INFO:root:Total number of nodes: 121
WARNING:root:Please consider to run pre-processing before quantization. Refer to example: https://github.com/microsoft/onnxruntime-inference-examples/blob/main/quantization/image_classification/cpu/ReadMe.md
2025-03-27 11:03:17.316573823 [W:onnxruntime:, transformer_memcpy.cc:74 ApplyImpl] 4 Memcpy nodes are added to the graph main_graph for CUDAExecutionProvider. It might have negative impact on performance (including unable to run CUDA graph).

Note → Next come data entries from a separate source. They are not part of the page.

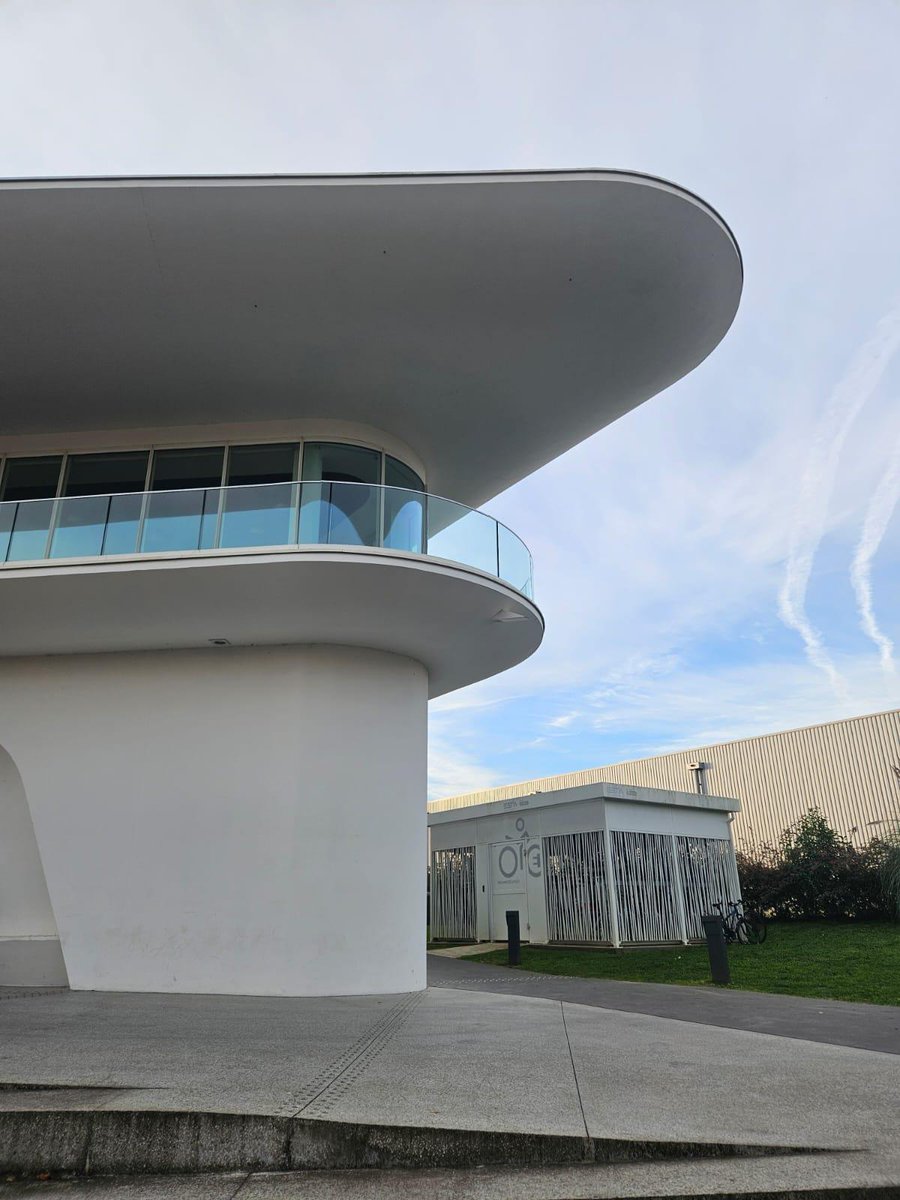 FLASH-COMP tweet media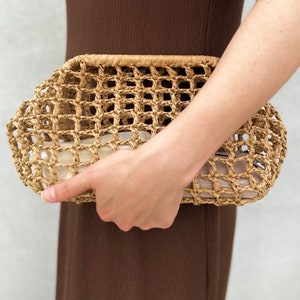 Set of 2 raffia beach bags, straw clutch with claps, woven jute mesh clutch, open-woven packable beach tote, raffia clutch with hidden hinge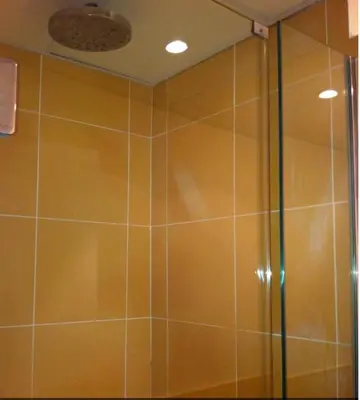 Salle de bains dans l'établissement Private Guest Room and Bath Steps from Notre Dame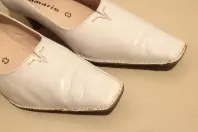 Dunkle Streifen auf hellen Schuhen entfernen
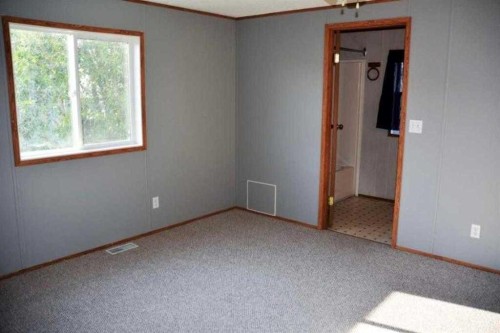 9718 108 Avenue, Clairmont, AB - Indoor Photo Showing Other Room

Set session_options.log_severity_level=1 to see the detail logs before this message.
Collecting tensor data and making histogram ...
100%|████████████████████████████████████████████████████████████████████████████████████████████████████████████████████████████████████████████████████████| 35/35 [00:01<00:00, 26.35it/s]

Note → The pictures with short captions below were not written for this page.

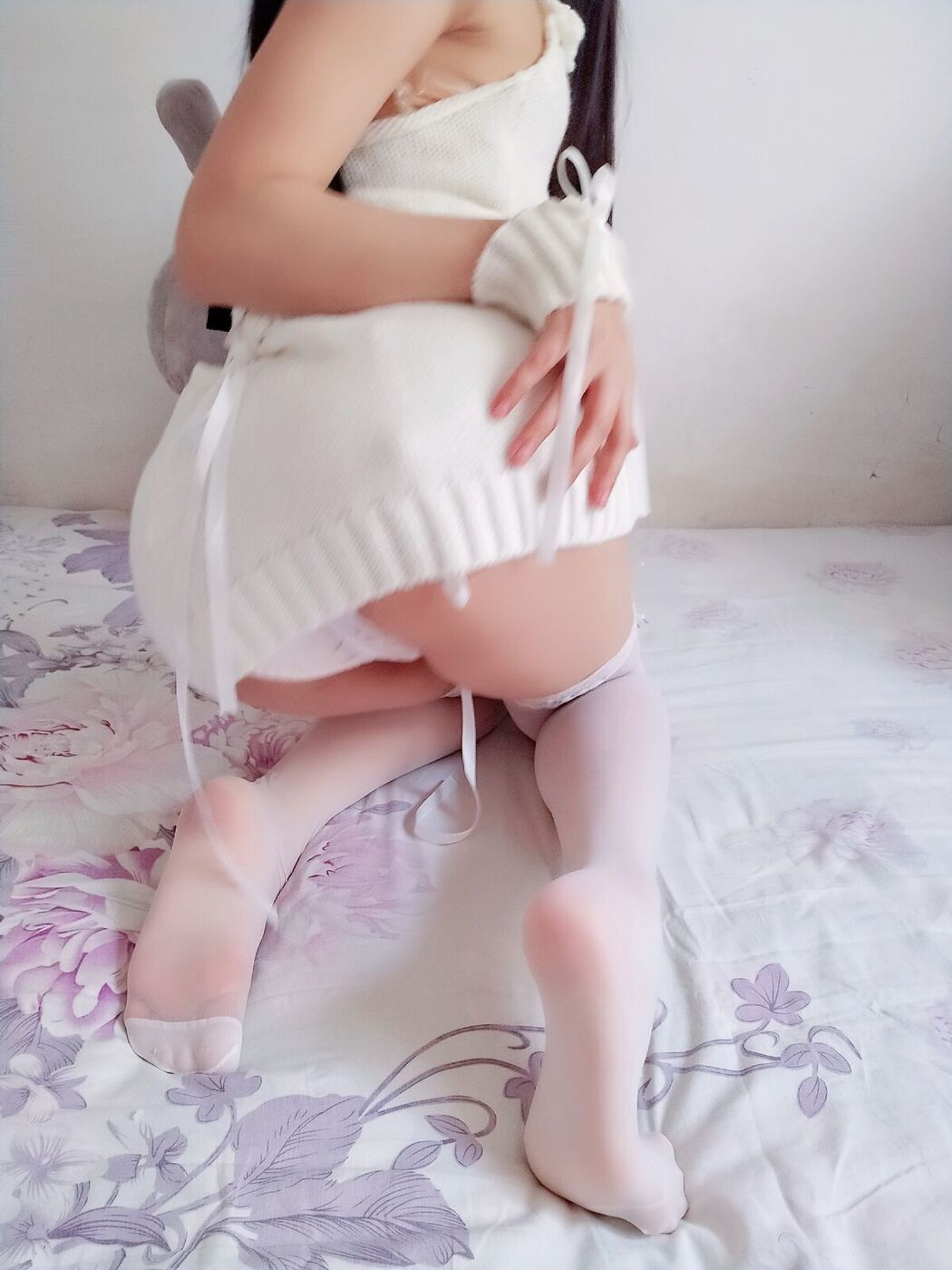 Coser@羽天shine – 白丝白色毛衣 Part1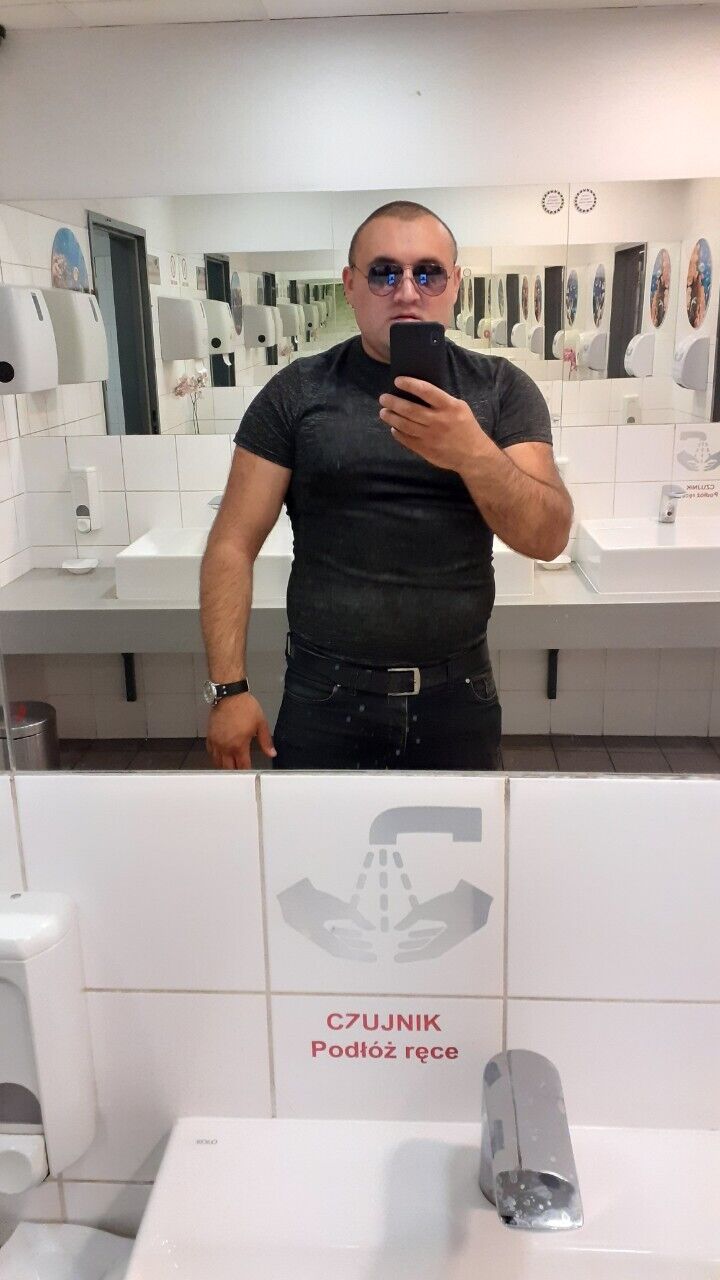  28308912  , 39 ,    --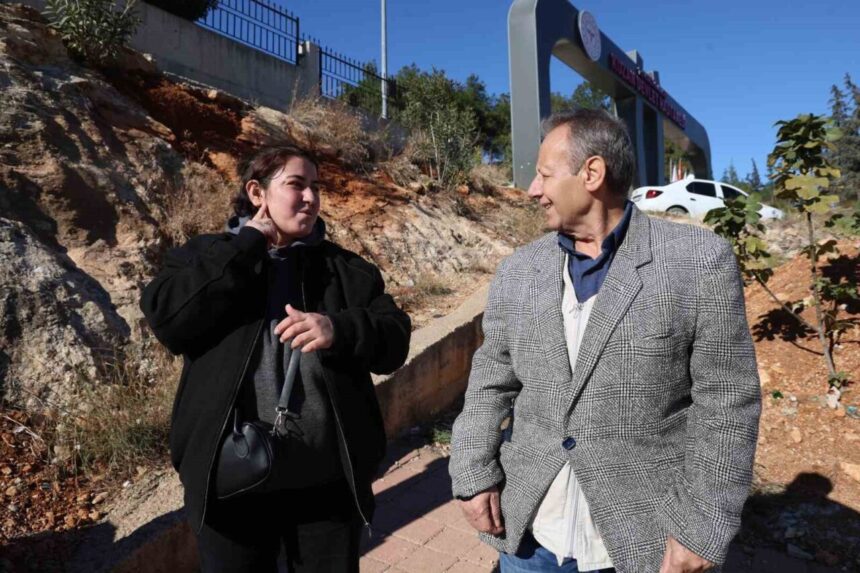 Kozan’da işitme engelli genç kız, kaybolan işitme cihazı yüzünden sıkıntı yaşıyor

Finding optimal threshold for each tensor using 'entropy' algorithm ...
Number of tensors : 35
Number of histogram bins : 128 (The number may increase depends on the data it collects)
Number of quantized bins : 128
Traceback (most recent call last):
File "/home/addverb/miniconda3/envs/tao-toolkit-env/lib/python3.8/runpy.py", line 194, in _run_module_as_main
return _run_code(code, main_globals, None,
File "/home/addverb/miniconda3/envs/tao-toolkit-env/lib/python3.8/runpy.py", line 87, in _run_code
exec(code, run_globals)
File "/home/addverb/miniconda3/envs/tao-toolkit-env/lib/python3.8/site-packages/modelopt/onnx/quantization/__main__.py", line 228, in <module>
main()
File "/home/addverb/miniconda3/envs/tao-toolkit-env/lib/python3.8/site-packages/modelopt/onnx/quantization/__main__.py", line 201, in main
quantize(
File "/home/addverb/miniconda3/envs/tao-toolkit-env/lib/python3.8/site-packages/modelopt/onnx/quantization/quantize.py", line 310, in quantize
onnx_model = quantize_func(
File "/home/addverb/miniconda3/envs/tao-toolkit-env/lib/python3.8/site-packages/modelopt/onnx/quantization/int8.py", line 220, in quantize
quantize_static(
File "/home/addverb/miniconda3/envs/tao-toolkit-env/lib/python3.8/site-packages/modelopt/onnx/quantization/ort_patching.py", line 547, in _quantize_static
tensors_range = calibrator.compute_data()
File "/home/addverb/miniconda3/envs/tao-toolkit-env/lib/python3.8/site-packages/onnxruntime/quantization/calibrate.py", line 565, in compute_data
return TensorsData(cal, self.collector.compute_collection_result())
File "/home/addverb/miniconda3/envs/tao-toolkit-env/lib/python3.8/site-packages/onnxruntime/quantization/calibrate.py", line 857, in compute_collection_result
return self.compute_entropy()
File "/home/addverb/miniconda3/envs/tao-toolkit-env/lib/python3.8/site-packages/onnxruntime/quantization/calibrate.py", line 922, in compute_entropy
optimal_threshold = self.get_entropy_threshold(histogram, num_quantized_bins)
File "/home/addverb/miniconda3/envs/tao-toolkit-env/lib/python3.8/site-packages/onnxruntime/quantization/calibrate.py", line 1080, in get_entropy_threshold
assert hasattr(optimal_threshold[0], "dtype")
AssertionError
Kindly help me in this matter. I am attaching my onnx file for your reference.
Environment
TensorRT Version: v100900
Operating System + Version: Ubuntu 22.04
Relevant Files
Edit: I have also checked that my onnx file is valid.